3.4 Performance comparison with other methods
To further demonstrate the model performance of differentiating driver synonymous mutations from passenger mutations, we compared PredDSMC with TraP, EnDSM, CS, and CSS on two independent test sets. As mentioned before, Trap and EnDSM are designed for predicting pathogenic synonymous mutations; CS and CSS are developed to differentiate driver single-point mutations from passengers in human cancers. The details of these methods are described in Supplementary Table S3. Figure 3 shows the ROC curve and PR curve, and Supplementary Table S4 describes the evaluation indicators of different methods on independent test set I. The AUC (0.856) and AUPR (0.880) of PredDSMC are significantly higher than those of TraP, EnDSM, CS, and CSS, as shown in Figure 3. In comparison with the second-best method, CSS, PredDSMC achieves an increase of 19.4% and 22.1% in terms of the AUC and AUPR, respectively. Meanwhile, PredDSMC can identify 76.9% of the positive samples (SEN = 0.769), and 79.1% of the predicted driver synonymous mutations were true positive samples (PRE = 0.791), as shown in Supplementary Table S4.
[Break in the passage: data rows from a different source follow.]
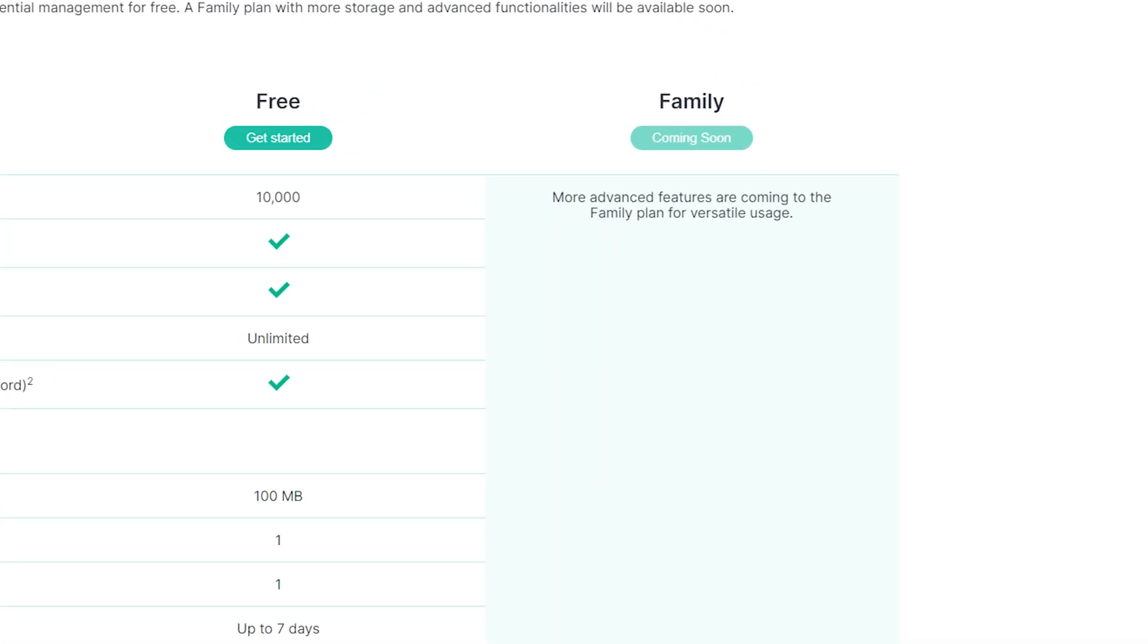Synology will be offering a paid plan, specifically a family plan, which will offer higher limits to things like file transfers and more advanced features, but that won't affect the free tier.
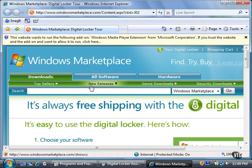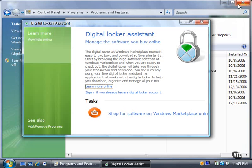Close the Internet Explorer 7 window. Note that you can also shop Windows Marketplace directly within the Digital Locker Assistant window by clicking the Shop for Software on Windows Marketplace Online link.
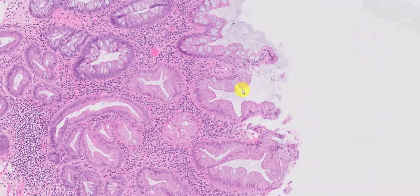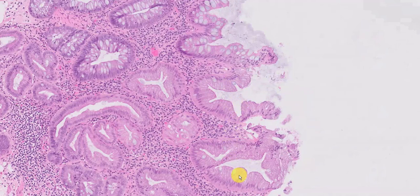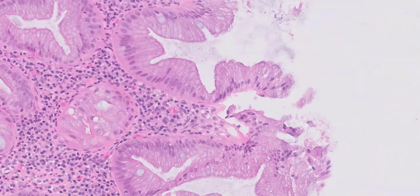What do I mean by star-shaped profile? That's exactly what I mean — doesn't that look a little like a star? And depending on how the polyp is cut, you'll see the sawtooth-like profiles. And that is what is meant by a serrated profile.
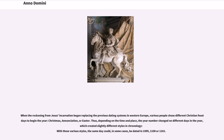When the reckoning from Jesus's incarnation began replacing the previous dating systems in Western Europe, various people chose different Christian feast days to begin the year — Christmas, Annunciation, or Easter. Thus, depending on the time and place, the year number changed on different days in the year, which created slightly different styles in chronology. With these various styles, the same day could, in some cases, be dated in 1099, 1100, or 1101.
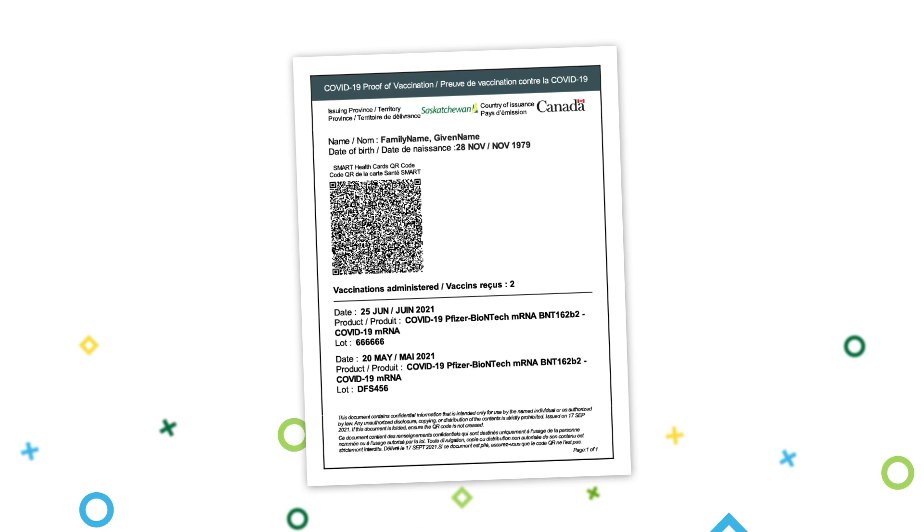The QR code will be scanned by a verifier to validate your vaccination status and determine your access to businesses, organizations, events, and facilities.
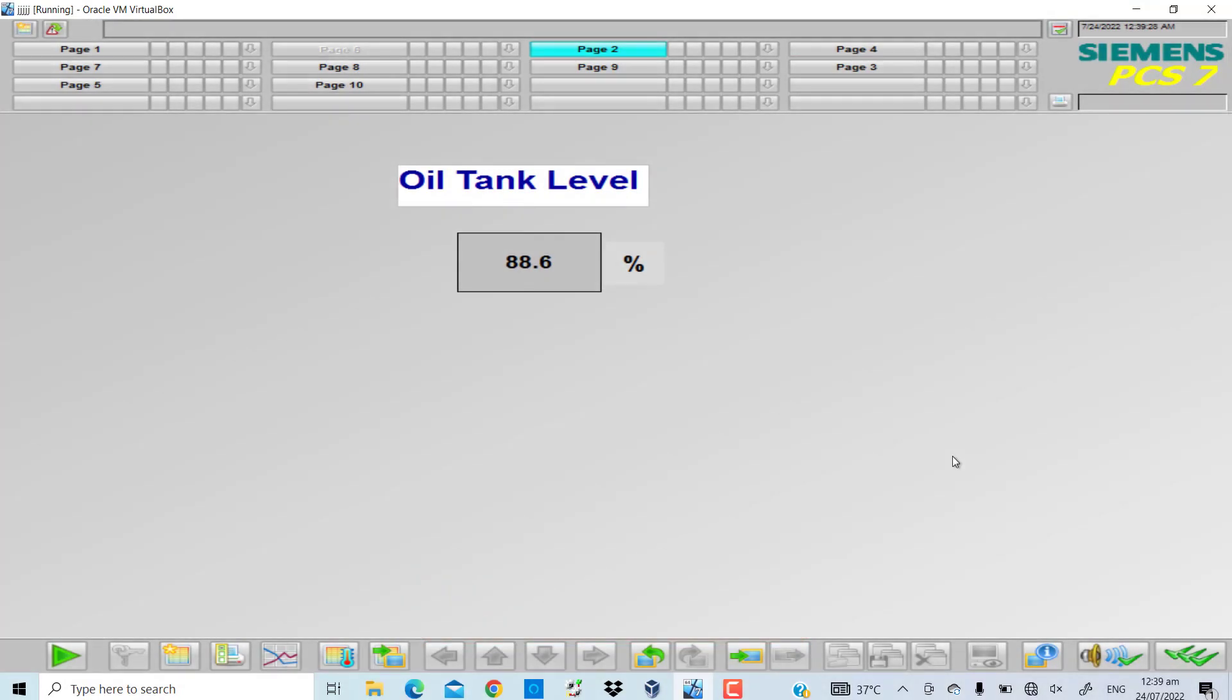In the last few videos we used some of WinCC's C script functions. Today we will be using the GetTagFloat function of the C script to manipulate some real values or floating point data.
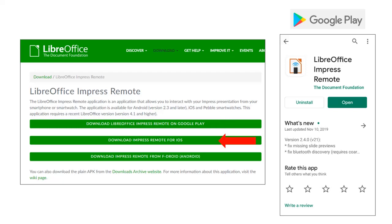You can go to the Google Play Store and simply search for Impress remote, or you can go to the Apple Store and search for Impress remote, and you will be able to locate the app and simply install it.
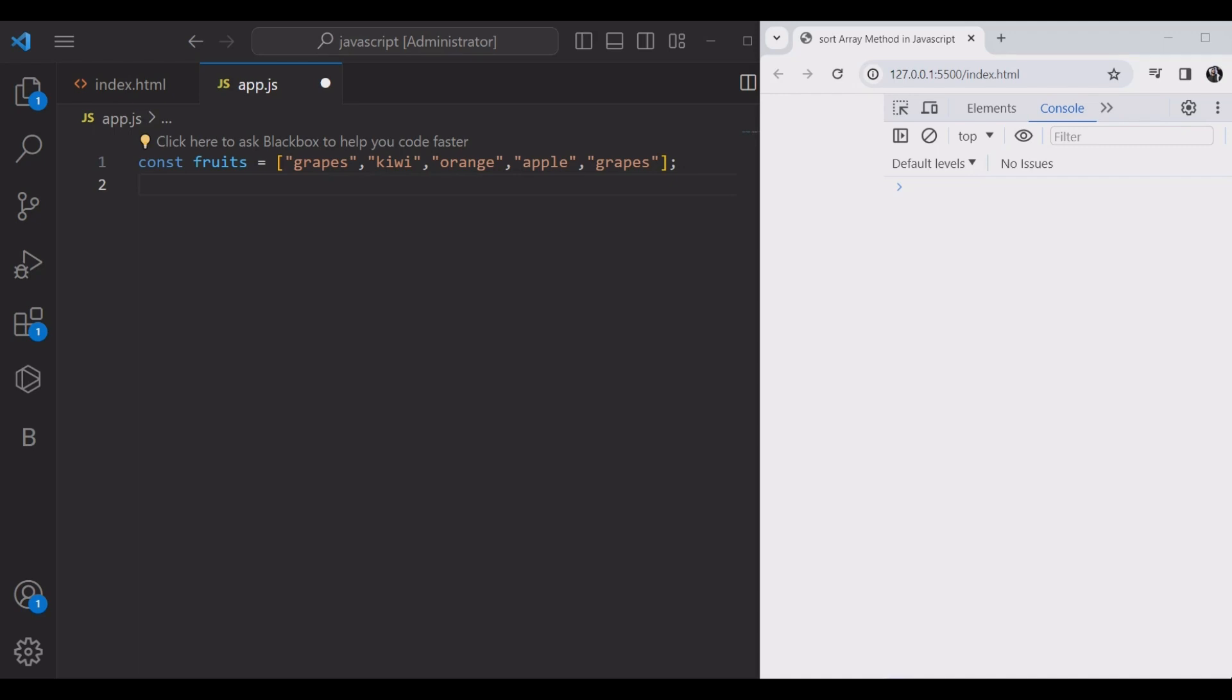The sort method sorts the elements of an array. Firstly, let's see how this sort method works on strings. We have here an array of fruits and we would like to sort them.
FIGURE 3. Performance comparison of different methods on independent test set I. (A) ROC curve and (B) PR curve.
Figure 4 and Supplementary Table S5 display performance comparisons of different methods on independent test set II. The results are similar to the results on independent test set I. In comparison with the other four methods, the AUC (0.816) and AUPR (0.784) of PredDSMC are still better. As indicated in Figure 4, the AUC and AUPR are 10.9% and 6.3% higher than those of the second-best method, CSS, respectively. Moreover, PredDSMC has an excellent ability (Supplementary Table S5) of identifying positive samples (SEN = 0.929), and 68.0% of the predicted driver synonymous mutations are true positive samples (PRE = 0.680), with contribution of features with missing values.
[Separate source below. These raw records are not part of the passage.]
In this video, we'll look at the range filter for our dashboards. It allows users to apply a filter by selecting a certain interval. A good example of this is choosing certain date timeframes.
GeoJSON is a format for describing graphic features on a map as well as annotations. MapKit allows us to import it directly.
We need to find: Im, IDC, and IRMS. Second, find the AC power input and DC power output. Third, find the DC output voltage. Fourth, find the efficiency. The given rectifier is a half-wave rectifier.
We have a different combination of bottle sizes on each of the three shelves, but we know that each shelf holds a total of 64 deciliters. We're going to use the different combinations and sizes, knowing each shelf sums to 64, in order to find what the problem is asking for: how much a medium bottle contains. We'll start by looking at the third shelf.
FIGURE. 4. Performance comparison of different methods on independent test set II. (A) ROC curve and (B) PR curve.
The 20-dimensional features in the optimal feature subset had a certain proportion of missing values. Therefore, we evaluated the impact of missing values on the model performance. Among optimal features, the proportion of missing values in five features was greater than 20%, which were all from splicing features: dPSIZ, FAS6−, FAS6+, PESS−, and PESS+. We adopted two processing methods: the first method was that the missing values were retained and filled with the mean values of the corresponding features on the training set, and the second method was that these five splicing features were deleted. The model performance on the training set is shown in Table 4. In comparison with the performance of the model built with missing values retained, the AUC of the model built on features without the five splicing features decreased by 0.6%. As a result, we maintained the five features to construct the final model.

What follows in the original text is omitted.